The absence of natural light distorts the passage of time. I think back to the 1830s, when the demand for gunpowder waned between wars and enslaved men worked as guides for wealthy tourists eager to view this underground marvel. Stephen Bishop, one of the earliest documented guides, won praise for his skill and determination, and was the first to cross Bottomless Pit, a 105-foot-deep chasm that, until his feat, hampered surveying of the cave. These guides—folks like Mat and Nick Bransford, Ed Hawkins, Ed Bishop, and a man documented only as “Alfred”—stooped, crawled, climbed, and sometimes slithered, chins in the dirt, down winding passages in the name of exploration. Even if they did not own themselves, no one could take their achievements from them. Letters and journals written by white guests chronicled their feats. When guides would discover a new route, they wrote their names in the rock, along with the year of their accomplishment. In an area now known as the Snowball Room, you’ll find “TO, NICK THE GUIDE 1857 Aug 17th” etched into the wall.
When the men’s owners died, inventories ascribed prices to the enslaved. Stephen Bishop, an estimated $600. Nick Bransford, $800. After manumission, the men and their descendants continued to work as guides, aiding in mapping the cave system. Around the time the area became a national park, segregation was the law of the land. More than a hundred years after their ancestors’ forced arrival at Mammoth Cave, the notion of the Black cave guide would go extinct for a time.
Today, two hundred or so years after the first modern humans entered the cave, thousands of explorers a year brave the harsh, unforgiving terrain here, searching for something beyond what they can see. The testimony of the rock, that enduring witness. The strange beauty of the deep, the menacing shadows the darkness holds. I find myself mapping my own personal topography relative to Mammoth—the at times all-encompassing fear of the things I cannot see, as well as the long trail of history that the park highlights even as our country grapples with it.
The most famous name in that chronology remains here still. Along the park’s Heritage Trail, perched high on the ridge above the cave’s entrance, sits the Old Guide’s Cemetery. In it, a headstone reads: “Stephen Bishop, First Guide & Explorer of the Mammoth Cave. Died June 15, 1859. In His 37 Year.” His grave, with its date of death off by two years, has a perfect view of the sunset.

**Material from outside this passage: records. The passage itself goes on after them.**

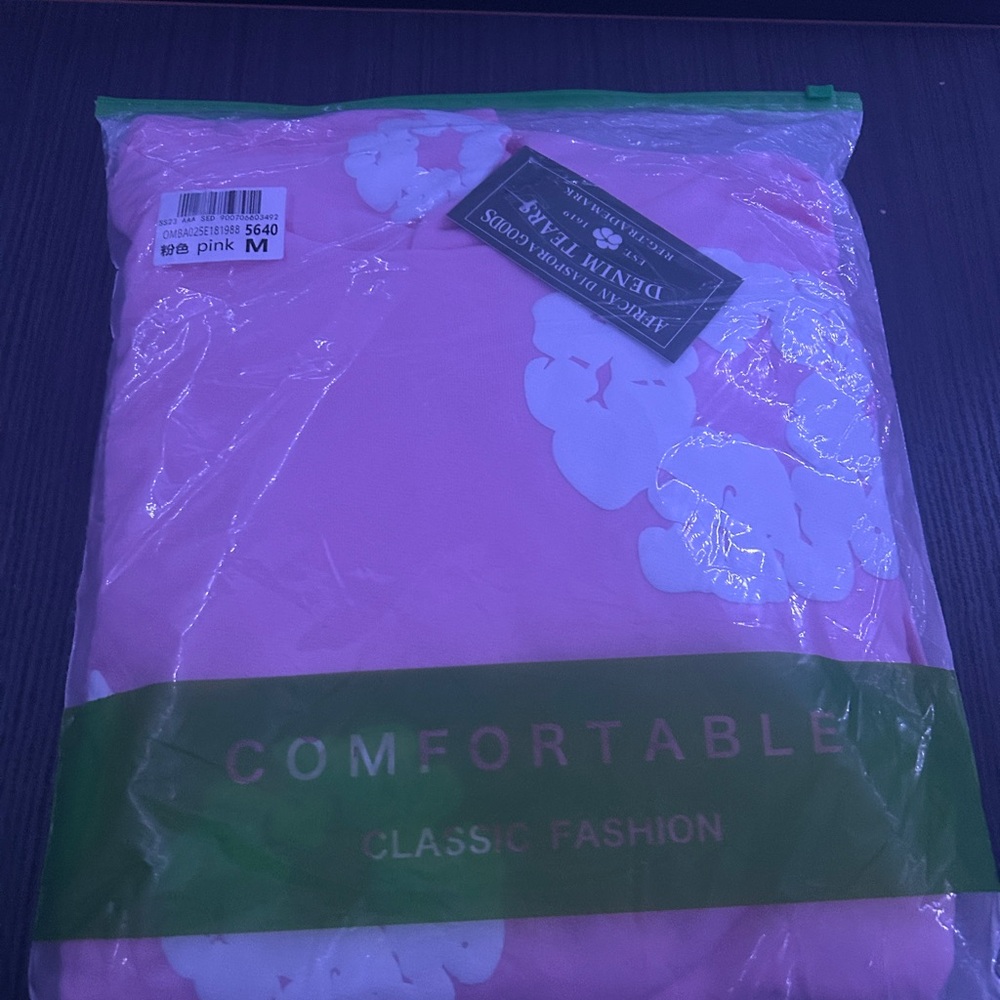 Denim Tears (Pink)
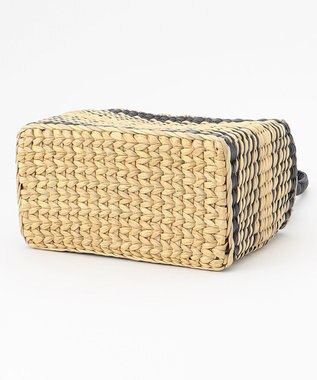 自由区 MAISON N.H PARIS ネットカゴバッグ ブラック系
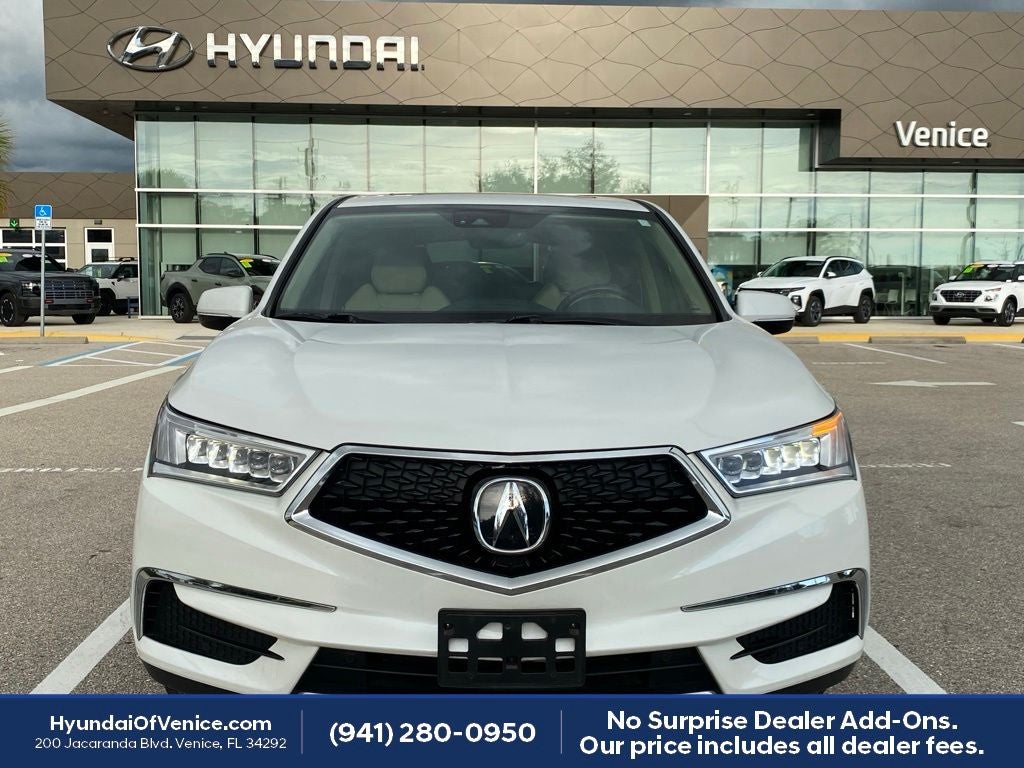 2020 Acura MDX Technology SH-AWD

In the precious hours of early morning, I make my way back to that same ridge to watch the Geminid, the spectacular annual meteor shower. As I sit on a bench and sip tea from my thermos, the faraway dust and rocks leave a luminous trail that lasts mere moments. We are here for only a few seconds, I think. But in the hours before dawn, I feel like a conduit, tethering the heavens above, the depths below—what luck, to be cognizant in an age when I can spot constellations in the sky and identify formations underground, both millions of years in the making, the timescale of their creation far exceeding anything we have endured and will ever comprehend. I ponder again the human life in the cave over the centuries, the thoughts of my predecessors, their ties to the sublime. What stories did they tell about peering over the cusp of the known world, of staring directly into the void?
Stephen Bishop, Mat and Nick Bransford, and other Black guides who worked in the cave system might have come the closest that an enslaved person could to immortality. At a time when it was rare for Black people to be allowed to write their names, they were able to leave their mark: to proclaim their existence.